Emory, from our school system tech dept, wrote about Twitter and using it professionally. He was "spot on." I, too, get good ideas, suggestions, partners from videoconferencing folks and ed tech folks every day. It's utterly amazing to find connections around the globe on twitter. The distinction being, using it as a professional tool.
I've tried to explain to others (my husband and family) that it is so helpful, professionally. My first reaction to "what are you doing in 140 characters or less?" was "who cares." I joined and didn't tweet much. When I began looking at people whose blogs I read and looking at who they were following on Twitter and who was following them, I realized that this is a current, fluid, collective network of people - experts. Like going to an ed tech conference, but it was free. The network of users allows us to "pick the brains" of many talented people on a daily basis. This is not Facebook. I'm not trying to put myself "out there," but to locate relevant, timely, information and hints that help me work with my school staff and students. The only "social networks" I'm on by name are all work/professionally related. MUSE (Internet 2), and several ning groups.
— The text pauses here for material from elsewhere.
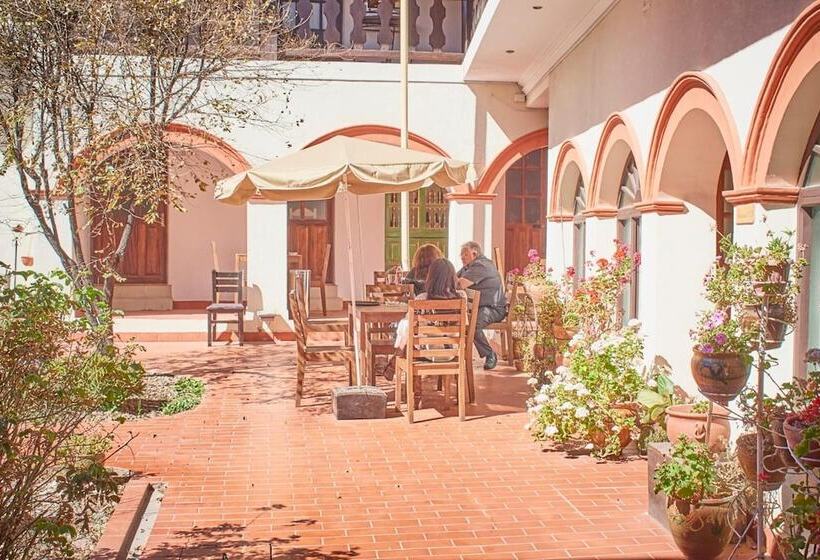 هتل Santa Mónica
Of course, I occasionally do tweet about personal things. My dogs, especially good day or happy occasion, but this too has some interesting results. Upon returning from our vacation, tweeted about the NC outer banks. Next thing I had a couple of tweets from folks who live there, rent homes there and located a great house for a trip on my birthday. Also tweeted while driving home from NY to NC about my son's wedding and honeymoon in Italy. Within 10 minutes, I had a tweet from a fellow in Italy with houses to rent and train schedules. Hmmm, now that would be another great trip.
There are over 7000 ning groups for Twitter. Many in education. Twitting is allowing me, professionally, to stay involved in and up-to-date with instructional technology and videoconferencing. It is also allowing me to make positive contacts with many people I will never meet or see in person, but can learn from, an open, free, extended network, like grad school. Yes, this technology application is worth applause.